As the days passed, Fox would come to like the new America. The problem was, you often also came to regret the things you wished for.
17.
Rome, Italy
All across the city people had begun to fall sick. Public health officials had been slow to react, the first cases scattered across the city’s hospitals, merging with the no
rmal death and disease that medical staff dealt with on a daily basis. This meant that the initial chance to spot the mass anthrax infection was missed.
Those who had been infected with anthrax in St Peter’s Square had come from all across the city, returning to their homes with the seed of their own demise surging in their lungs and coating the clothing they wore. It took days for doctors to determine that the growing numbers of cases they were seeing were due to Bacillus Anthracis, and there was swelling panic with the realisation that there was only one real explanation for the numbers being seen.
Terrorism.
The effective treatment of anthrax requires timely and quick intervention with antibiotics. The longer the person goes untreated, the lower their risk of survival. As the mastermind behind the anthrax attack didn’t reveal to the world what had been done, nobody was aware they were exposed and continued to live out their lives oblivious to the nightmare that had been rained down on them.
Despite the appearance of early cases after the initial exposure, those patients slipped through the net, being mistaken for more common causes. Some didn’t present into the medical system, choosing to stoically battle through what was surely just a chest infection or a bad flu. It was early on the eleventh of August when a particularly astute doctor in a Rome emergency ward decided to test for anthrax. From this, the first alarm bells were raised. The doctor had become concerned when he saw two patients with very similar symptoms presenting from the same family. Something from his medical training had clicked in his head, and he ordered the tests for a disease that was rarely seen in the centre of a major city.
Then came the alarming news from New York that the FBI were holding a terrorist who had admitted to using a drone to dust an unknown powder onto the faithful. The terrorist didn’t know what he’d been told to drop, but when you added that to what the doctors were reporting, it was pretty obvious. Mohammed had shared everything he knew, but that was too little far too late.

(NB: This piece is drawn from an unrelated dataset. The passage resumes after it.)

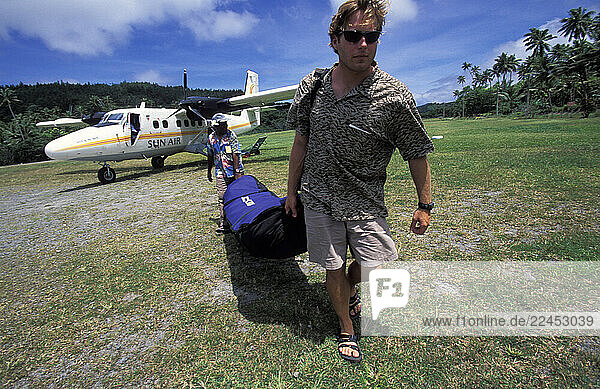 A man carrying his luggage.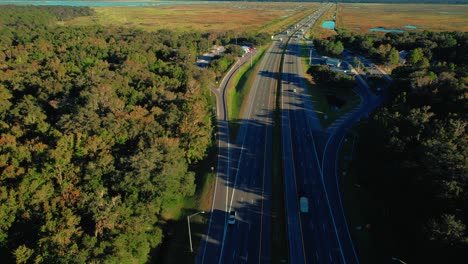 Trucking-rest-stop-beside-highway,-parked-trucks-and-surrounding-greenery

With these new revelations, those charged with protecting the Vatican City acted quickly, running tests on all those who lived and worked in the sacred city state. They found an alarming number of people infected, the prevailing wind having blown the dust to contaminate most of the area around St Peter’s Square. This wasn’t the only area attacked, and the distribution of the affected patients began to indicate there was more than one terrorist involved.